**EXTRACTED ENTRIES:**
☆ ☆ ☆ ☆ ☆ ☆ ☆

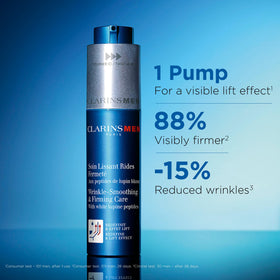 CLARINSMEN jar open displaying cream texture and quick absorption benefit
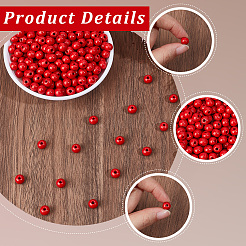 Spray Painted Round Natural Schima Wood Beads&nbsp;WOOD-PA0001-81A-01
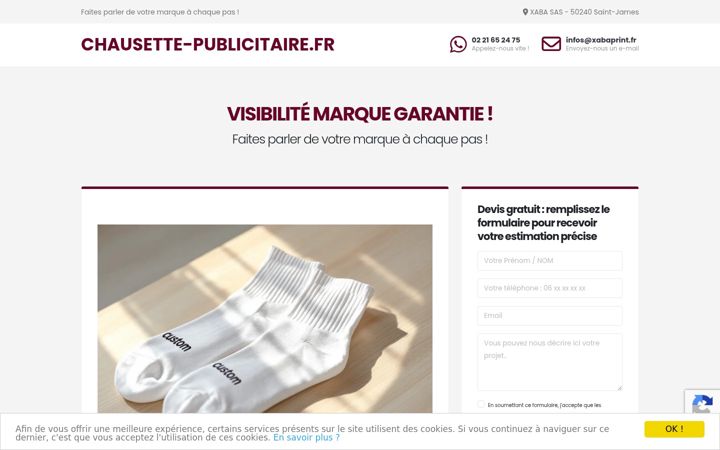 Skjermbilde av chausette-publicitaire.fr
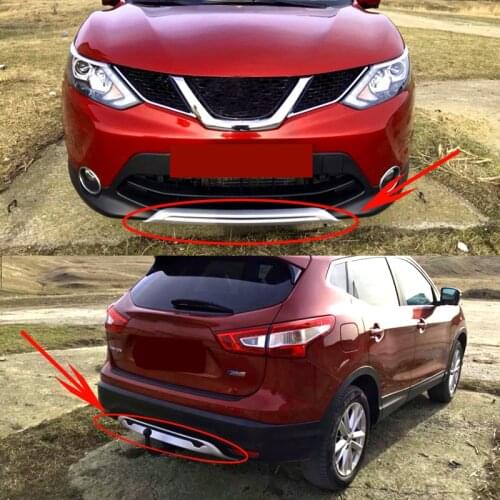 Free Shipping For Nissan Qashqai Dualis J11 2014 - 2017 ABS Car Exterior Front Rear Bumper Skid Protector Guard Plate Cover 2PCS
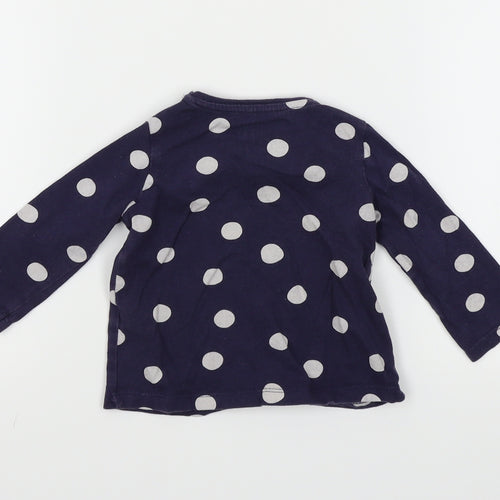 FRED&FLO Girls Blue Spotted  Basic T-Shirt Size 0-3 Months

☆ ☆ ☆ ☆ ☆ ☆ ☆

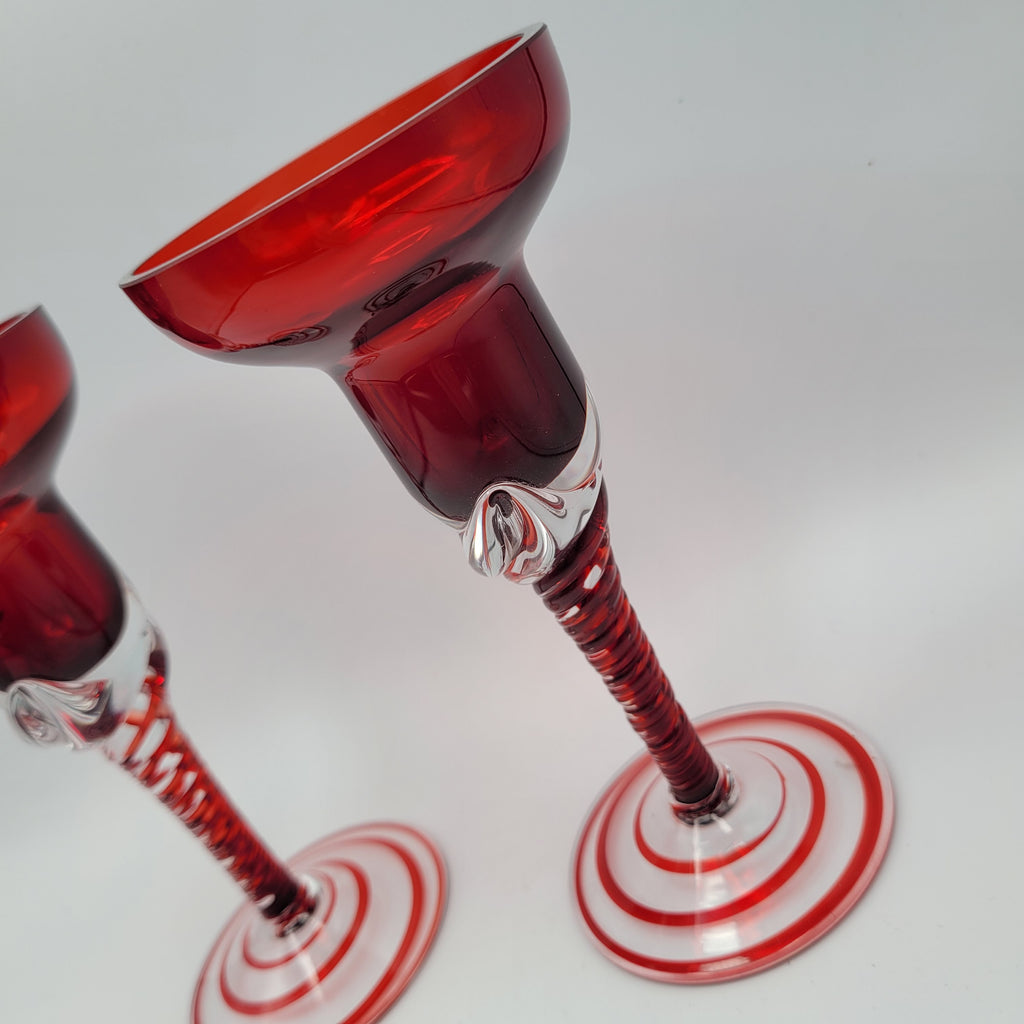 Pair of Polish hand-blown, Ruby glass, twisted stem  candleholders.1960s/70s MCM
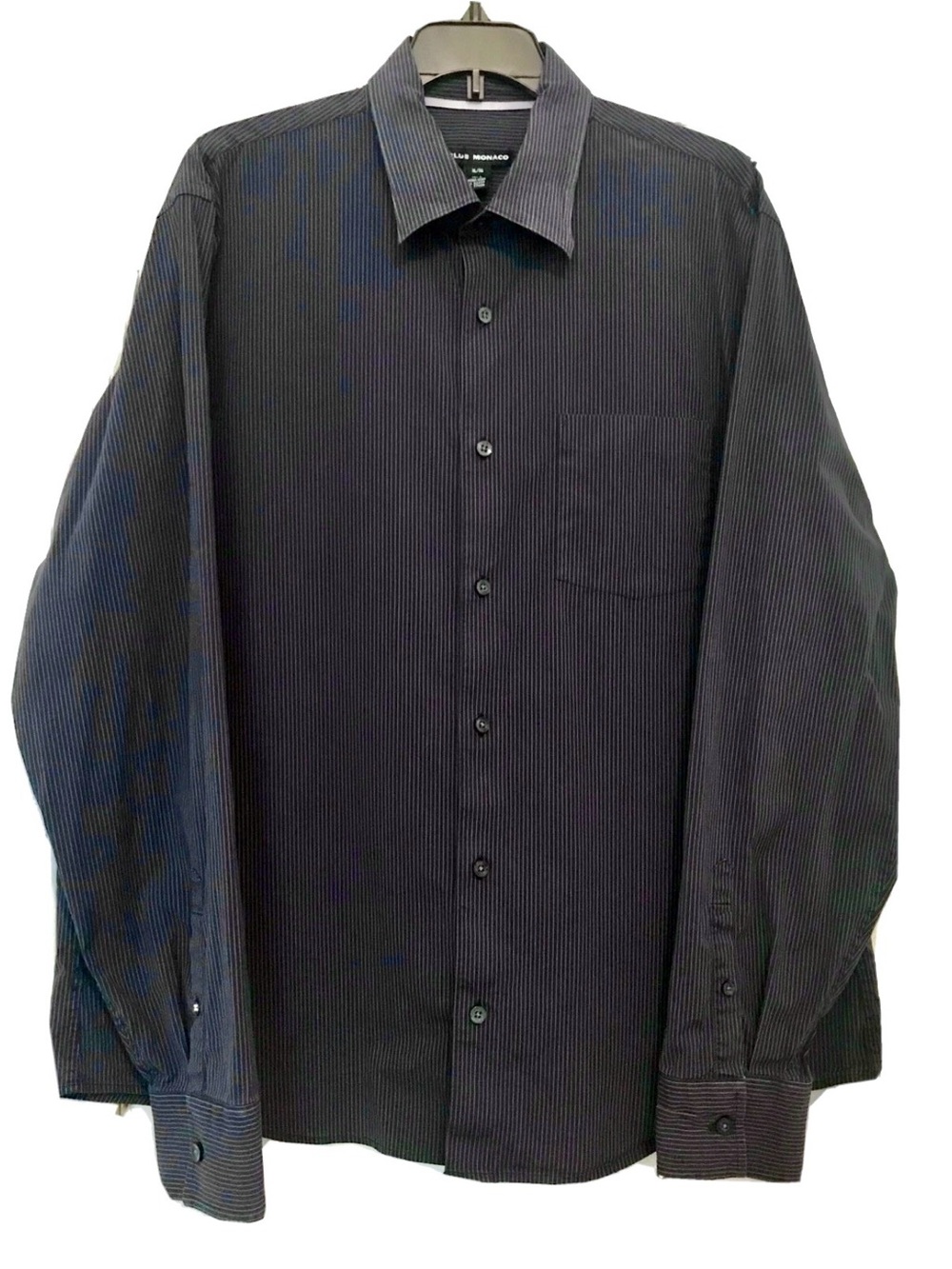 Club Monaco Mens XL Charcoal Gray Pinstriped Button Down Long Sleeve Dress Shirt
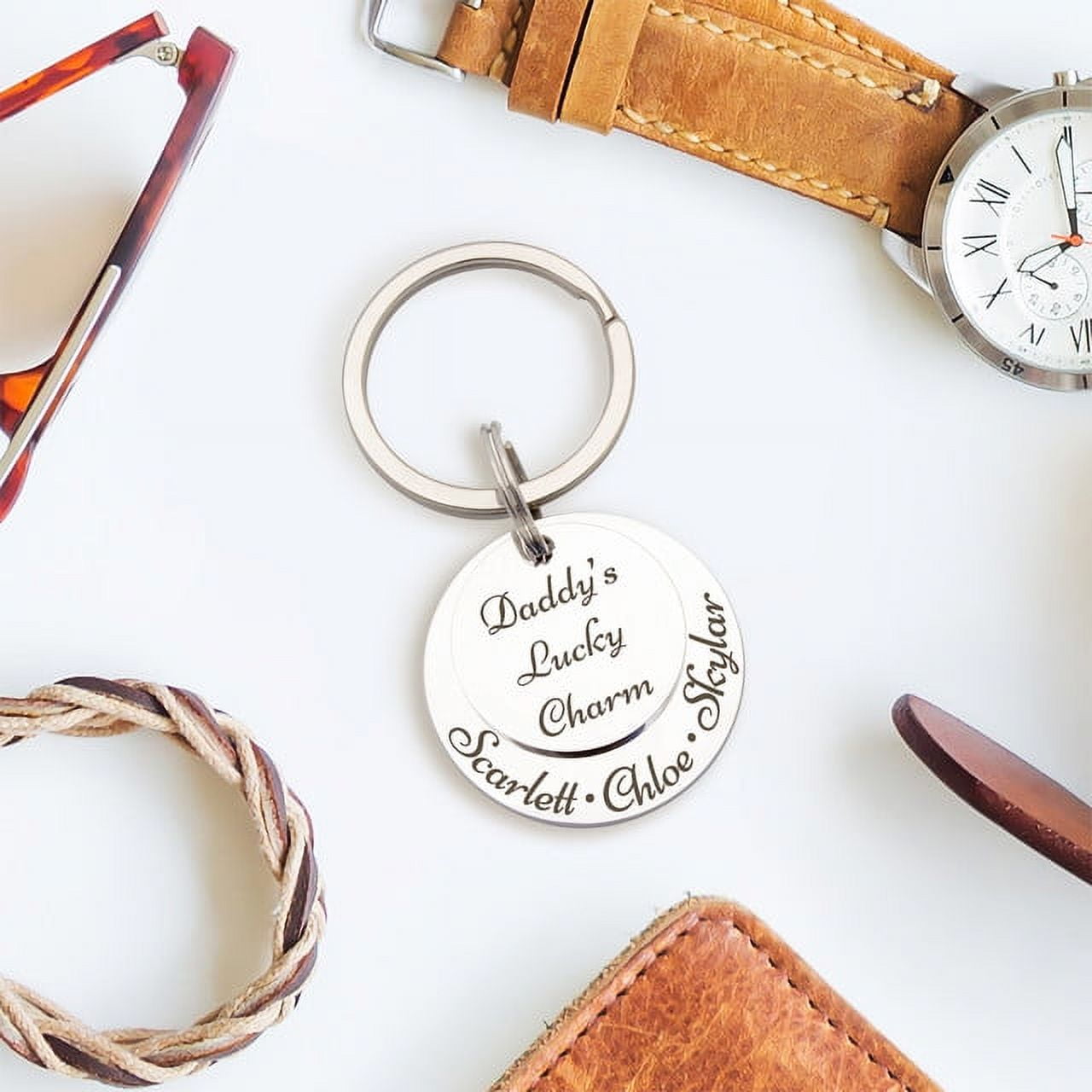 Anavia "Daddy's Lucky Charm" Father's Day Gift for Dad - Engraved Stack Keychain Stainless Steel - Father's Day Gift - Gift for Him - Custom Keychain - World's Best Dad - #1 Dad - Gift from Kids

☆ ☆ ☆ ☆ ☆ ☆ ☆

**WHAT YOU HAVE TO DO:** Print an exact copy of the lines above, from the one containing "CLARINSMEN jar open" through the one containing "FRED&FLO Girls Blue", and leave out the pictures.

**SOLUTION FOR THIS PROBLEM:**
 CLARINSMEN jar open displaying cream texture and quick absorption benefit
 Spray Painted Round Natural Schima Wood Beads&nbsp;WOOD-PA0001-81A-01
 Skjermbilde av chausette-publicitaire.fr
 Free Shipping For Nissan Qashqai Dualis J11 2014 - 2017 ABS Car Exterior Front Rear Bumper Skid Protector Guard Plate Cover 2PCS
 FRED&FLO Girls Blue Spotted  Basic T-Shirt Size 0-3 Months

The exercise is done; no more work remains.